Asian and European stocks were generally up stronger than US stocks.
Gold was down a little, near the low end of its 6 month price range.
Oil was down a little
Why do bonds continue to decline in value?
For the average “educated’ investor (individual or professional), who has some money to invest, they are often asking this question: Between the different alternate investments available, which investment might create the best return in the short and long term?
Looking at stocks, many investors appear to be asking this question: When will the current stock bull market end? When might it pull back some?
But with bonds, many bond investors, who know a lot more than me, are asking this question: When will bonds stop dropping in principal value?

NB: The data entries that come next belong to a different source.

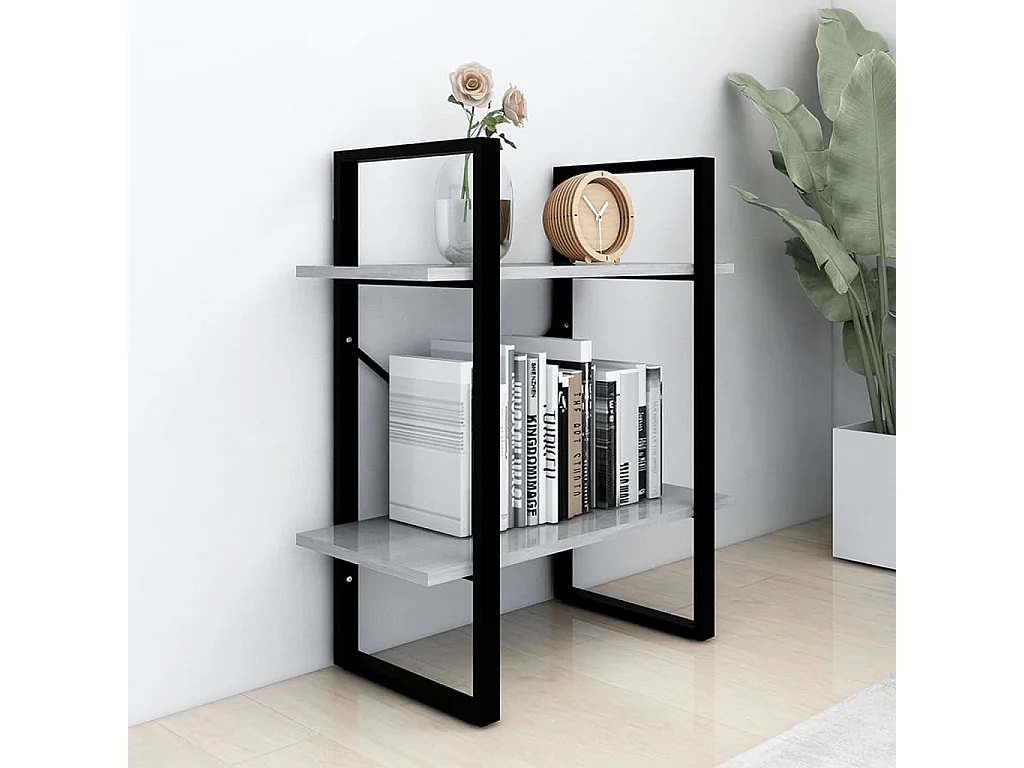 Bibliothèque | Etagère de rangement | Meuble de rangement à 2 niveaux Gris béton 60x30x70 cm bois ingénierie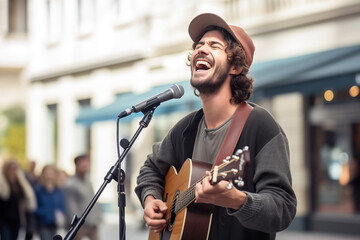 street performer singing on a busy sidewalk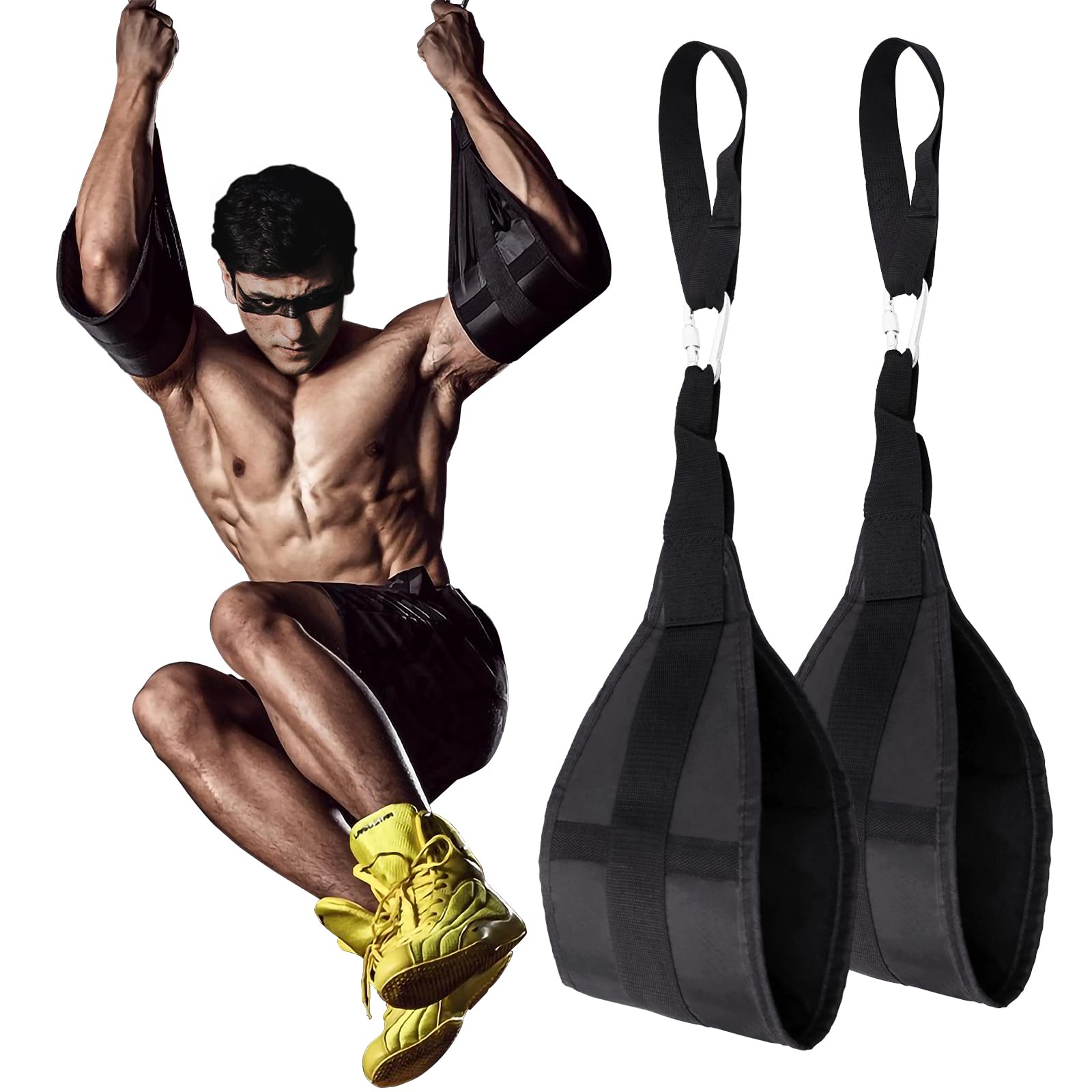 Photo 1 of Hanging Ab Straps for Pull Up Bar: Gym Ab Sling Straps for Arm Pull up Workout Support for Training Knee and Leg Raises (Black)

With stocks, the most commonly asked question appears to be: “Will stocks stop peaking in a month or in a few months?”
With bonds, the marketplace seems to be suggesting that informed bond buyers are not expecting bonds to improve in value in a month or a few months. Bond owners are worried about this question: Will bonds continue to lose principal value consistently over the next few years? And if the answer to that question is “yes,” then the losses to bond investments could be ugly – a long slow bleed.

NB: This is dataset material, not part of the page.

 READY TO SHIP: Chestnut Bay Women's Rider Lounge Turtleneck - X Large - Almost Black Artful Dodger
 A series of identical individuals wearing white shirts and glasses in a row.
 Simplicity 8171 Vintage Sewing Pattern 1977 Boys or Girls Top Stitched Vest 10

Several well-informed bond specialists are not even pretending to own or advocate long term government bonds currently. They are flat out saying, “We own no long US or European government bonds.” If true, that is amazing.
What are counter considerations?
I can hear a devil’s advocate asking: Well, even if bonds lose 3% in value each year, they’re still earning a 3% dividend each year – so that would be a wash, right? That return would be as good as just having cash, right?
Unfortunately, the answers to those questions are: No, unless the bonds are invested in a tax-exempt account (like a Roth IRA). If you lose 3% in principal and gain 3% in bond interest each year, you will still have to pay short term taxes on the 3% interest. The tax hit will create a negative net return on those bond investments.
What is another counter argument?
Bonds could go up in value and interest rates could stay low. The QE programs have already extended the bond bull market longer than most economists anticipated. Anything could happen.
What happened to “sensible” diversified investors today?
Almost anyone who currently has an overall investment allocation of 50% in stocks and 50% in bonds actually lost money today, because the losses in bonds were twice the gains in stocks.
Disclaimer: These posts are not written by a professional or licensed financial advisor. There’s nothing for sale here. This is just a discussion forum. No one should make any decisions based on representations made on this informal blog. These posts are just one layperson’s opinions, concerns, and observations about asset classes – a part of larger, never-ending discussions. Any significant financial decisions should be discussed with at least a few trusted and experienced financial advisors before acting.